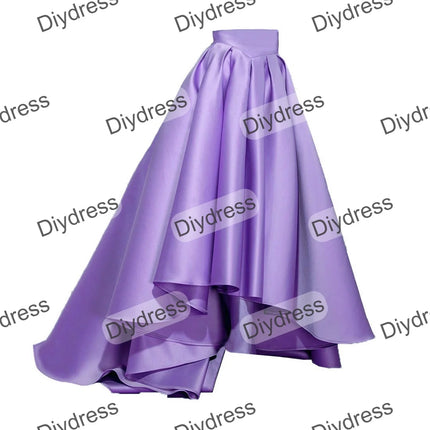 Women's High Low Elegant Prom Party Skirt A-Line Pleated Front Short Back Long Satin Skirt With Pockets For Evening Gown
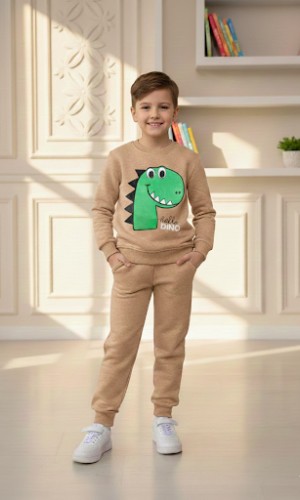 طقم بجامة ولادي شتوي ثقيل ديناصور 3115  - بيج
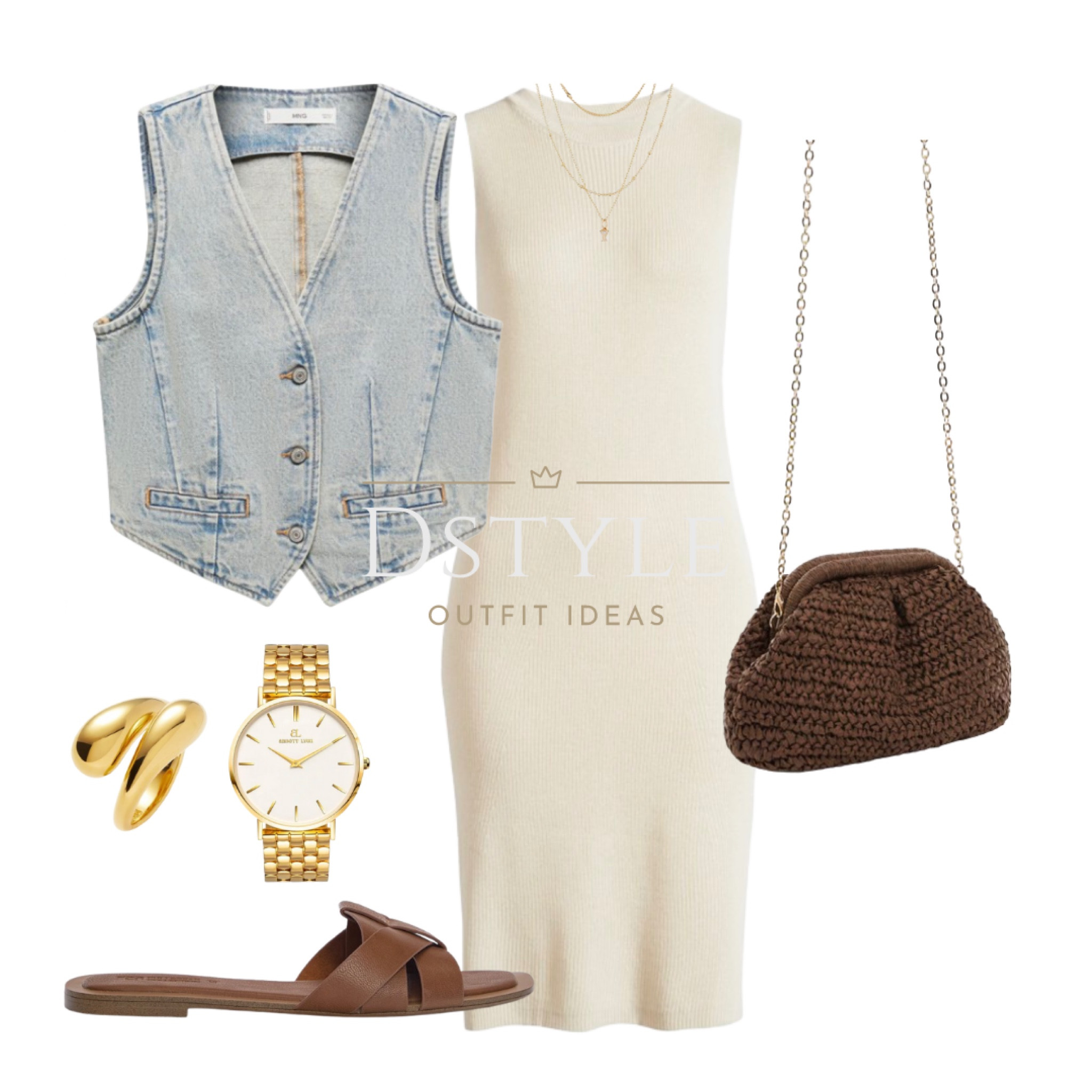 Sleeveless Sweater dress, denim cropped vest, denim waistcoat, brown slides, brown slide sandals, flat sandals, brown rattan clutch bag, vacay look, summer outfit, neutral look

Neutral look, ootd, summer outfit

#LTKFindsUnder50 #LTKSummerSales #LTKxNSale
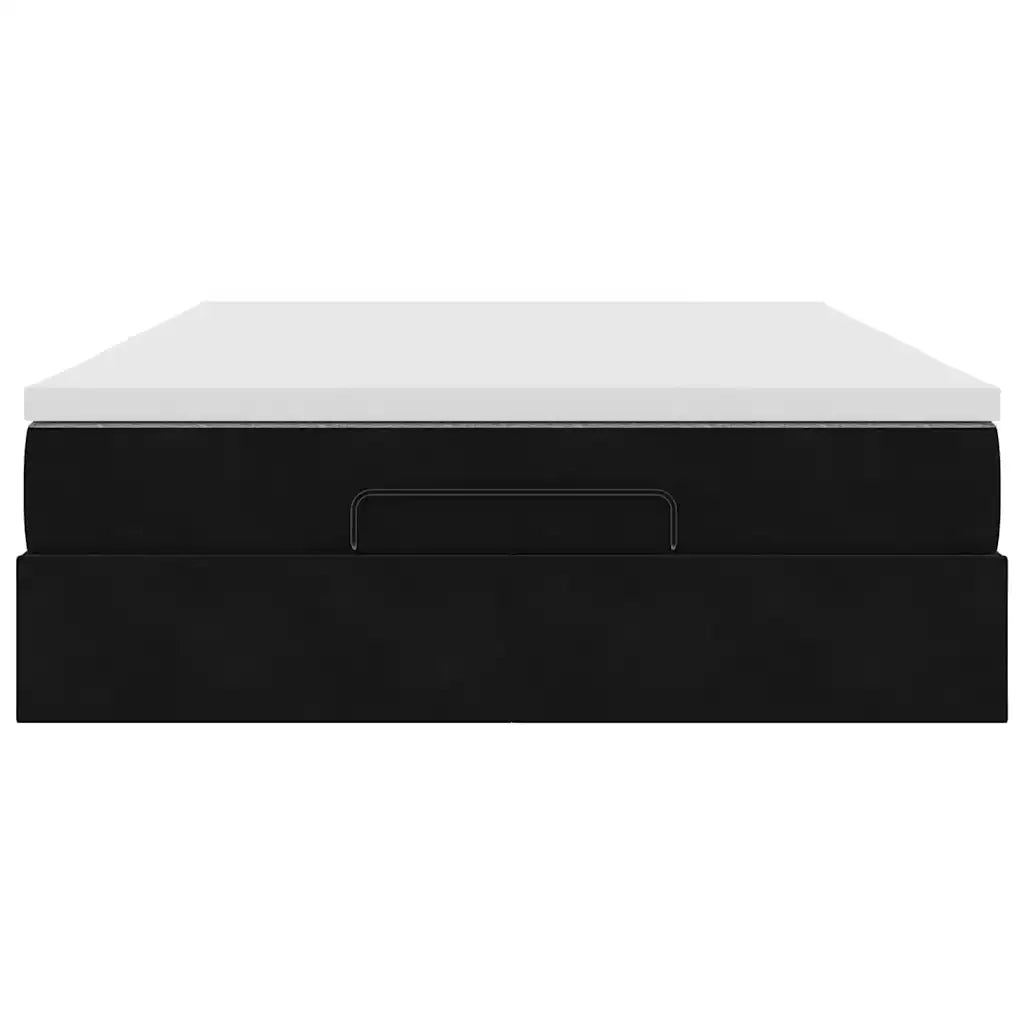Struttura Letto Pouf con Materasso Nero 140x200 cm in Velluto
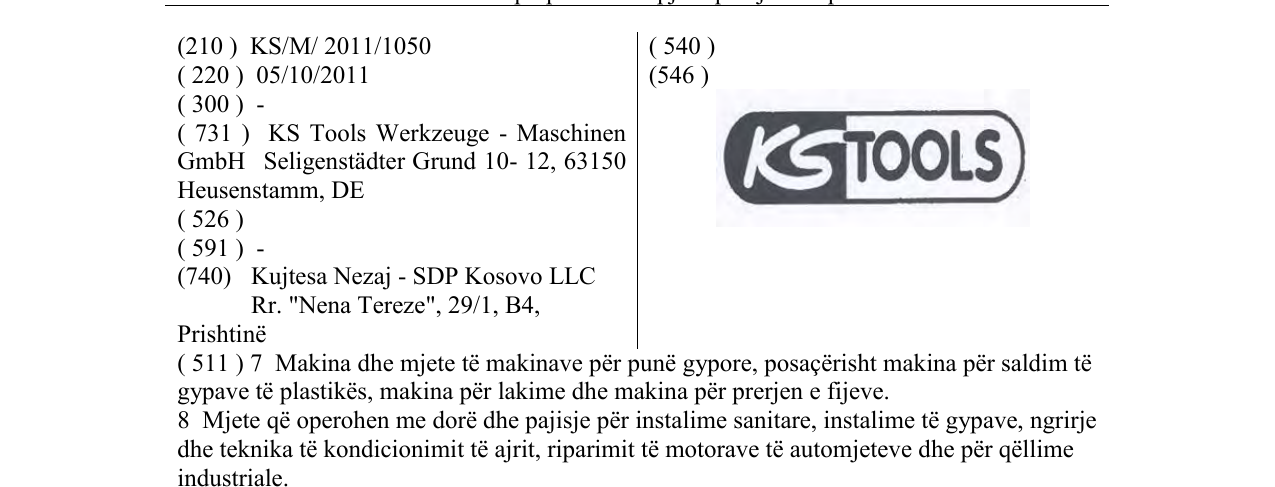 Zëri i markës KSTOOLS në buletin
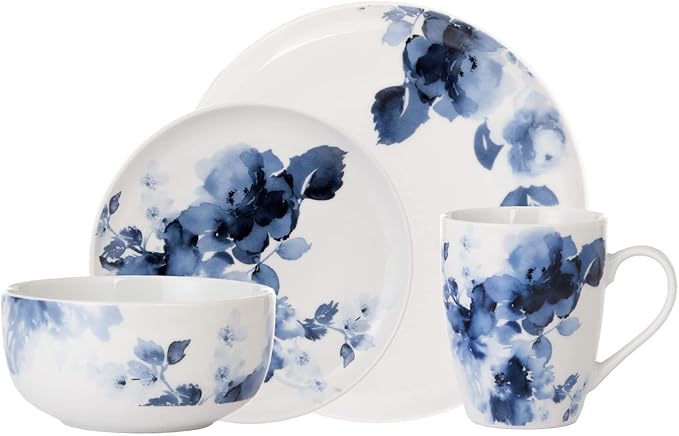 Maklaine Contemporary Porcelain Dinnerware Set, 16-Piece Midnight Roses Design, White and Blue Finish, Includes Plates, Bowls, Mugs, Durable Chip-Resistant, Microwave/Dishwasher Safe, Casual or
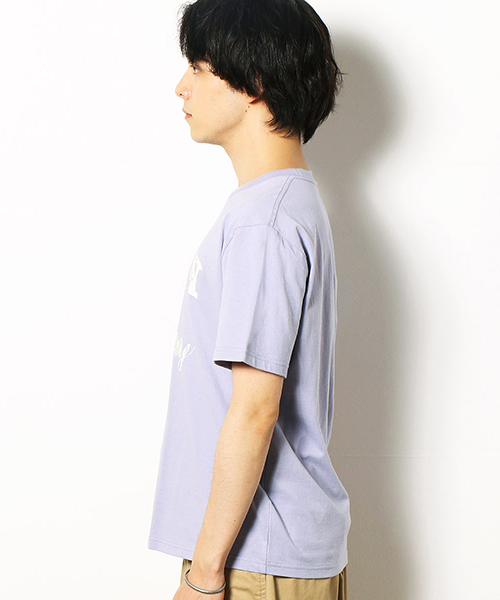Purple&Yellow（パープルアンドイエロー）の「半袖 ロゴ Tシャツ（Tシャツ/カットソー・メンズ・アイボリー/ライトピンク/ネイビー/ライラック・SMALL/X-LARGE/MEDIUM/X-SMALL/LARGE）」の6枚目の写真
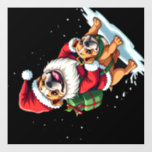 Gnome Riding English Bulldog Christmas Xmas Boys G Wall Decal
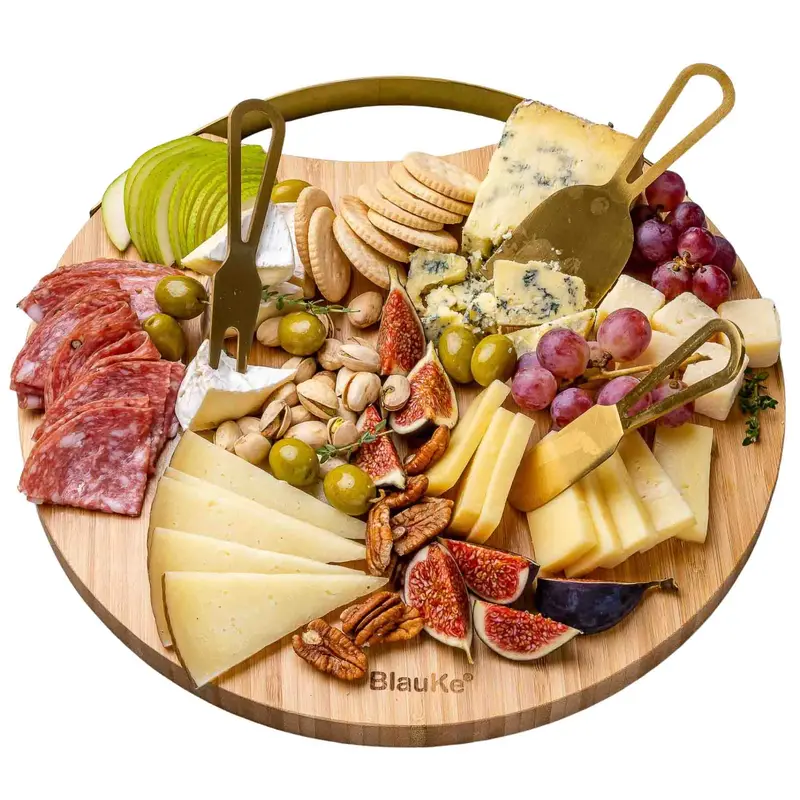13-Inch Round Bamboo Charcuterie Board With Magnetic Knife Storage 1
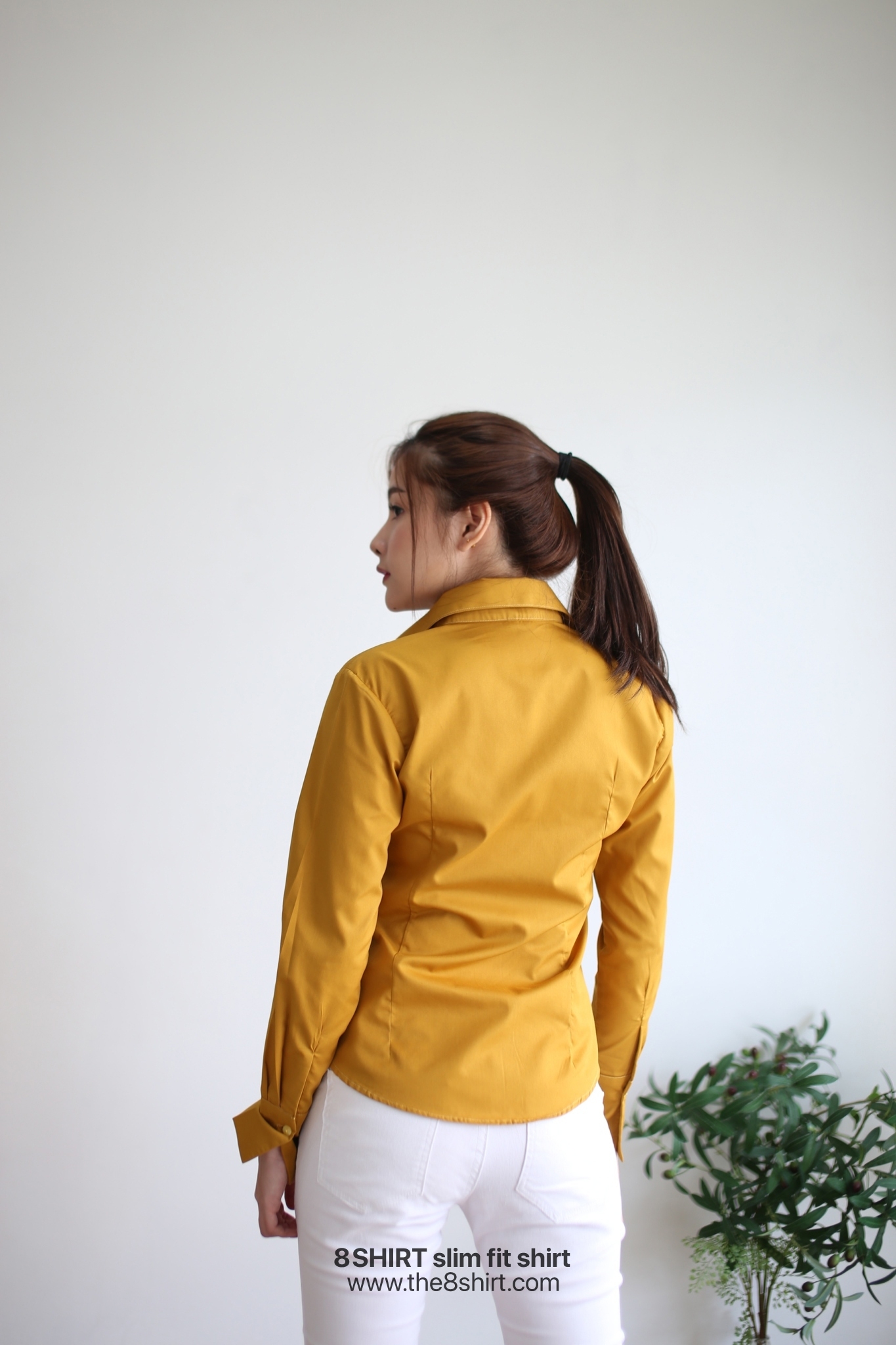เสื้อเชิ้ตผู้หญิง สีเหลืองมัสตาร์ด (Mustard yellow) สลิมฟิต เข้ารูป แขนยาว เสื้อเชิ้ตทำงาน เสื้อยูนิฟอร์ม แบรนด์ 8SHIRT slim fit shirt พร้อมส่ง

WHAT IS REQUIRED: Leave out the pictures and print every line of the data exactly.

RESULT OF THIS EXERCISE:
 Women's High Low Elegant Prom Party Skirt A-Line Pleated Front Short Back Long Satin Skirt With Pockets For Evening Gown
 طقم بجامة ولادي شتوي ثقيل ديناصور 3115  - بيج
 Sleeveless Sweater dress, denim cropped vest, denim waistcoat, brown slides, brown slide sandals, flat sandals, brown rattan clutch bag, vacay look, summer outfit, neutral look

Neutral look, ootd, summer outfit

#LTKFindsUnder50 #LTKSummerSales #LTKxNSale
Struttura Letto Pouf con Materasso Nero 140x200 cm in Velluto
 Zëri i markës KSTOOLS në buletin
 Maklaine Contemporary Porcelain Dinnerware Set, 16-Piece Midnight Roses Design, White and Blue Finish, Includes Plates, Bowls, Mugs, Durable Chip-Resistant, Microwave/Dishwasher Safe, Casual or
Purple&Yellow（パープルアンドイエロー）の「半袖 ロゴ Tシャツ（Tシャツ/カットソー・メンズ・アイボリー/ライトピンク/ネイビー/ライラック・SMALL/X-LARGE/MEDIUM/X-SMALL/LARGE）」の6枚目の写真
 Gnome Riding English Bulldog Christmas Xmas Boys G Wall Decal
13-Inch Round Bamboo Charcuterie Board With Magnetic Knife Storage 1
เสื้อเชิ้ตผู้หญิง สีเหลืองมัสตาร์ด (Mustard yellow) สลิมฟิต เข้ารูป แขนยาว เสื้อเชิ้ตทำงาน เสื้อยูนิฟอร์ม แบรนด์ 8SHIRT slim fit shirt พร้อมส่ง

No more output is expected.